This repository is the infrastructure for the Devops-app Project.
In this part, we will focus on the three pillars of Observability:
We used Prometheus to collect metrics from the FastAPI application with the use of Prometheus Client that helps you to get metrics from the endpoint /metrics, then we can use Grafana to visualize the metrics stream in real-time a time series database.
In order to enable logging in our application, DataDog was the primary choice as it allowed an intuitive User Interface and setting the agent was fairly simple as it was packaged in a Helm Chart with basic configuration.
We also made sure to add the request_id
in every log so that it can help us while debugging.
We used ddtrace which is a Datadog's tracing library for Python. It is used to trace requests as they flow across web servers, databases and microservices so that developers have great visibility into bottlenecks and troublesome requests.

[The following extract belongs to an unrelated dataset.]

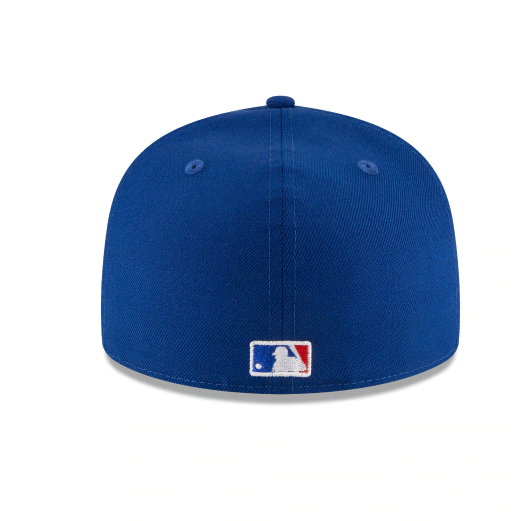 Toronto Blue Jays New Era 1993 World Series Wool 59FIFTY Fitted Hat - Royal Blue Official Team Hat Sports Fan Cap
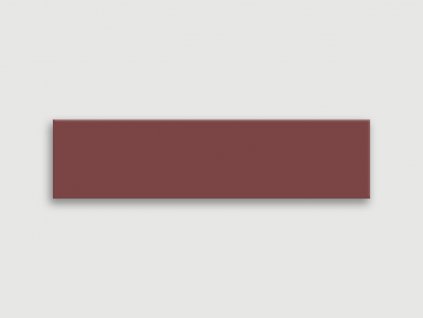 wow liso xl garnet obklady obdelnik 7 5x30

We opted for DataDog as it was natively adapted for such task and the agent was aleady deployed for logs collection.
1. Automated infrastructure provisioning using well isolated and maintainable infrastructure layers (Microstacks)
We used Terraform to build 3 microstacks:
-
First Stack : Kubernetes Cluster : We provisioned in this stack an AKS cluster and of course a resource group as well.
-
Second Stack : Monitoring Setup : We created the monitoring setup for our application using Kubernetes provider as well as Helm provider. We split those different charts into 3
modules
: argocd, datadog and prometheus so we can reuse them whenever. -
Third Stack : Storage : here we provisioned the Azure Storage Blob in which we will store the treated images after the inference process.
To automate the deployment, we created a Helm Chart for it which will be used by Argo CD. Basically each time argo cd detects a change in the chart in this repo, it will automatically synchronize the application thus resulting in automated deployment.
To be noted, we can multiple additional labels to a deployment, we can change the image name and/or tag, we can specify the number of replicas,... The values that you can change can be visualized in the values.yaml
file.
We used Argo CD to automate deployment of my chart from my github repo.
To be able to use multiple environments, we created three files : values-pre-prod.yaml
, values-prod.yaml
and values.yaml
for the development environment in order to patch the environment name.
We built both training and inference images using Docker then we will use Kubernetes to deploy the cluster in Microsoft Azure.
This is the architecture for the Monitoring setup :
We used Helm Charts to deploy the inference process.
We decided to use the Blue/Green deployment strategy since it gives us instant rollout and rollback. We created two yaml files: values-blue.yaml and values-green.yaml, then we created a rollout because it can easily work with Argo CD: when we change the version and synch the application it will create all the kubernetes resources with the new version. The deployment strategy didn't work, we aim to fix our code in the future.